▶ _PROVIDED MATERIAL_
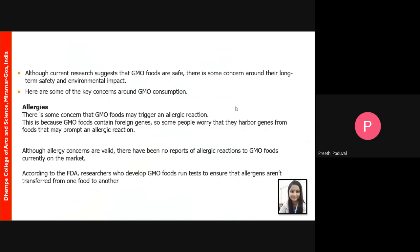Although research suggests GM foods are extremely safe, there are some concerns about long-term safety and environmental impact. The first concern is allergies, as there are speculations that GM foods may trigger allergic reactions because of the presence of foreign genes. However, there are no thorough or full-proof records of allergic reactions due to GM food consumption. According to the FDA, researchers who develop GM foods run thorough tests and strict procedures to ensure allergens are not transferred from one food to another.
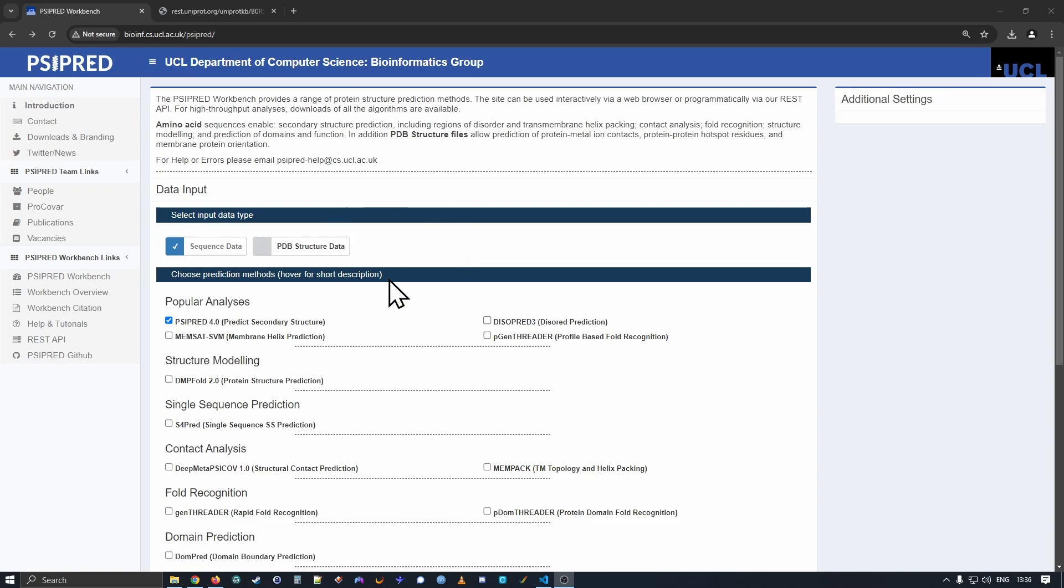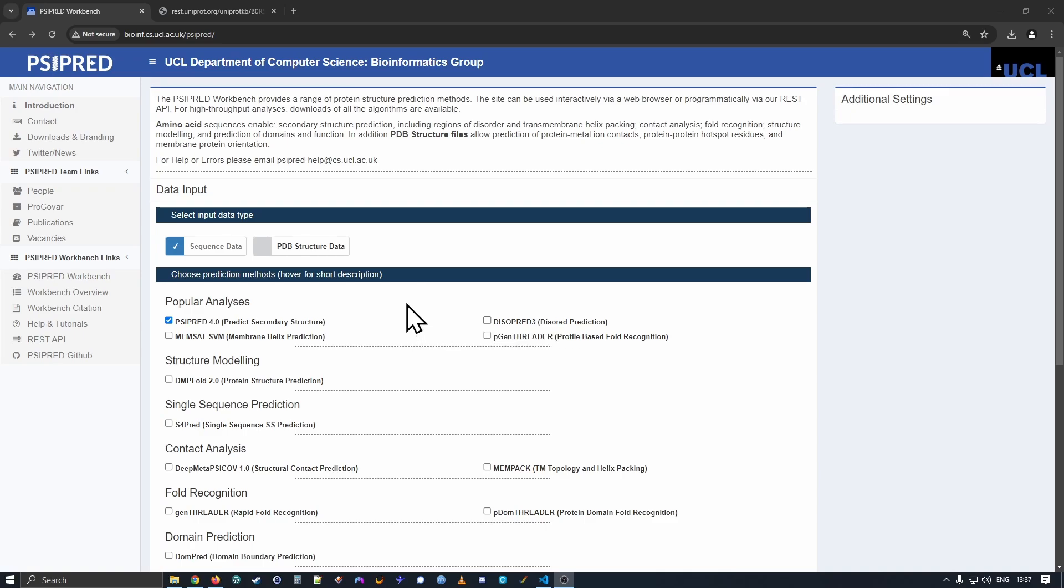When you arrive at the workbench, you'll be delivered to the Sequence Data Input form. Here you can select different methods to analyze protein sequence data. We'll look at analyzing protein structure data in some future videos.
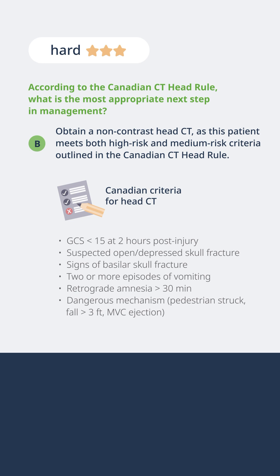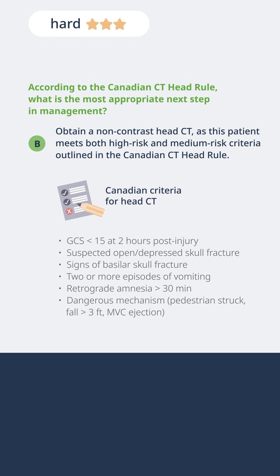Maybe the patient comes in immediately after the injury and they're a little bit confused — their GCS is 14. We would expect their sensorium to clear and we would expect them to have a normal GCS by two hours. If they don't, we want to go ahead and image those patients. If they have any evidence of open or depressed skull fracture, we want to go ahead and CT. We want to palpate all over the skull and make sure that there's no evidence of fracture.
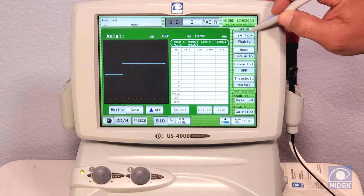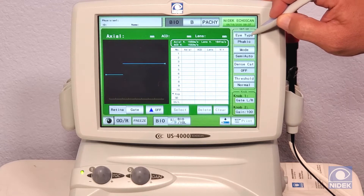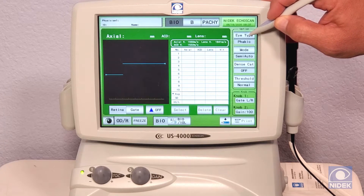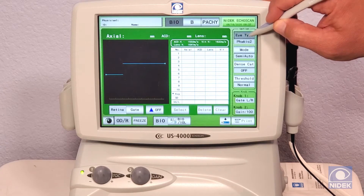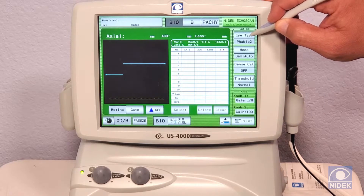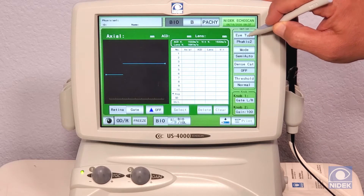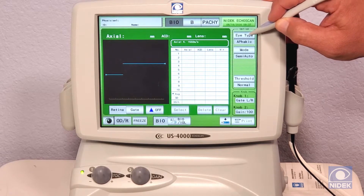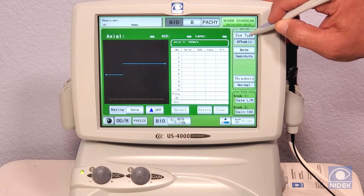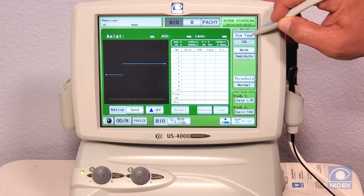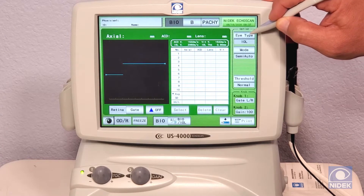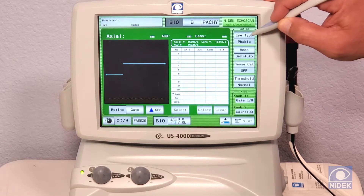For eye type, we have several different eye types. Phakic is a continuous measurement from cornea to retina. Phakic 2 is a segmented measurement. A-phakic is for patients who do not have a natural lens. And the oil eye type is for patients that have an implanted eye oil that you would like to remeasure.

▶ _EXERCISE PROMPT_
Omit every picture, then reproduce the rest of the listing exactly.

▶ _ANSWER TO THIS TASK_
Although research suggests GM foods are extremely safe, there are some concerns about long-term safety and environmental impact. The first concern is allergies, as there are speculations that GM foods may trigger allergic reactions because of the presence of foreign genes. However, there are no thorough or full-proof records of allergic reactions due to GM food consumption. According to the FDA, researchers who develop GM foods run thorough tests and strict procedures to ensure allergens are not transferred from one food to another.
When you arrive at the workbench, you'll be delivered to the Sequence Data Input form. Here you can select different methods to analyze protein sequence data. We'll look at analyzing protein structure data in some future videos.
Maybe the patient comes in immediately after the injury and they're a little bit confused — their GCS is 14. We would expect their sensorium to clear and we would expect them to have a normal GCS by two hours. If they don't, we want to go ahead and image those patients. If they have any evidence of open or depressed skull fracture, we want to go ahead and CT. We want to palpate all over the skull and make sure that there's no evidence of fracture.
For eye type, we have several different eye types. Phakic is a continuous measurement from cornea to retina. Phakic 2 is a segmented measurement. A-phakic is for patients who do not have a natural lens. And the oil eye type is for patients that have an implanted eye oil that you would like to remeasure.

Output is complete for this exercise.